Would subforums be useful for you? If so which ones and why?
By Sharang Phadke @ 2022-11-08T20:36 (+29)
The EA Forum Team is working on building subforums. Our vision is to build more specific spaces for discussion of topics related to EA, while still allowing content to bubble up to the Frontpage.
The user problem we are thinking of targeting is: As someone who cares about X, I find it hard to find posts I’m interested in, and I don’t know if the EA Forum is a useful place for me to post ideas or keep up with X.
Would solving this be useful for you? If so, what spaces, topics, or causes would you be interested in seeing such discussion spaces for?
Note: if you've seen our current bioethics and software engineering subforums, note that these are not the final state of the feature, and we are still designing and iterating.
Jackson Wagner @ 2022-11-09T00:16 (+10)
The obvious idea here is to have different subforums grouped by cause area -- AI risk, global health/development, animal welfare, etc. I agree that this is probably the best way to dice things up. But here are some other options that might be worth considering:
- Separate subforums for "news events, announcements, and org updates" (posts about things that are actually happening in the world, like an EA newspaper), versus "academic-paper style research" (a fancy dignified arXiv-like subforum for academics and advanced discussion, like the AI Alignment Forum versus LessWrong), versus more casual & exploratory online discussion and community stuff (like LessWrong versus the Alignment Forum). Although you'd want to be careful about this -- perhaps right now, the online discussion and academic research is "cross-subsidizing" the announcements and org updates, such that nobody would read the announcements and org updates if they were split off into their own thing. (Or vice versa! My point is that for all subforum ideas, it is important to understand the dynamics here and what is "cross-subsidizing" what, in an attention-economy sense.)
- Taking another page out of the Alignment Forum's playbook, consider just going fully elitist and creating a subforum for 500+ karma users or something, plus maybe include the option to create private posts not publicly viewable if you are not logged in. There are several potential goals here:
- To separate "EA 101" discussion, where we want to have a welcoming attitude for newcomers, from a space for more advanced discussion and debate. (See, eg, me making an overly-harsh comment recently because I didn't realize that a user was new to the Forum!)

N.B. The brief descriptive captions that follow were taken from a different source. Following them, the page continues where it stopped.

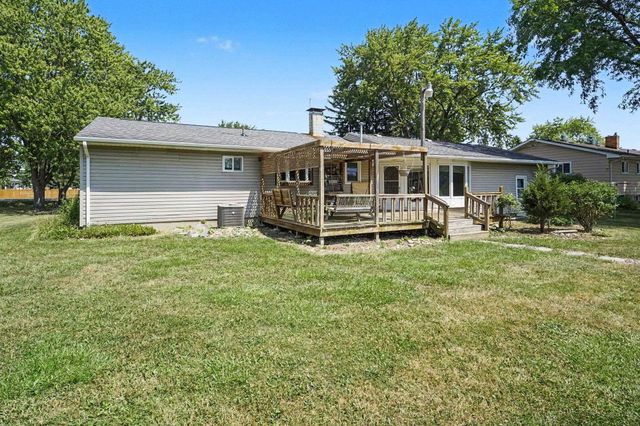 5486 Lippincott Boulevard, Burton, MI 48519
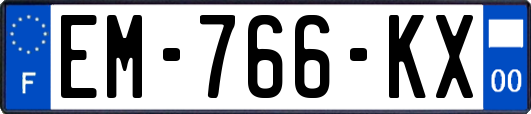 EM-766-KX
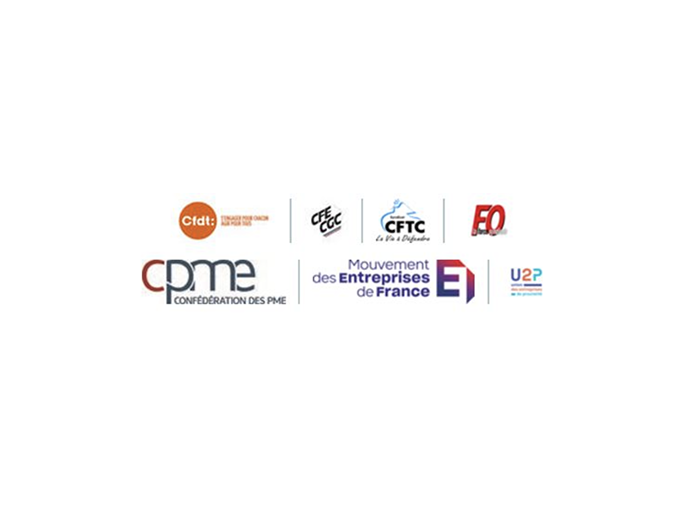 7 organisations professio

- To sequester community drama in a place where it won't waste the attention of people who aren't heavily involved in the community (similar to how the "community" tag is currently used to down-weight some posts).
- Most importantly, to make a play for capturing some of the energy that goes into the vast ecosystem of privately-shared google docs... creating a semi-public/semi-private forum for highly engaged EAs (or highly engaged EAs within a certain cause area, or etc) could offer a middle ground between posting on the normal Forum versus sharing a doc through a bunch of personal social connections.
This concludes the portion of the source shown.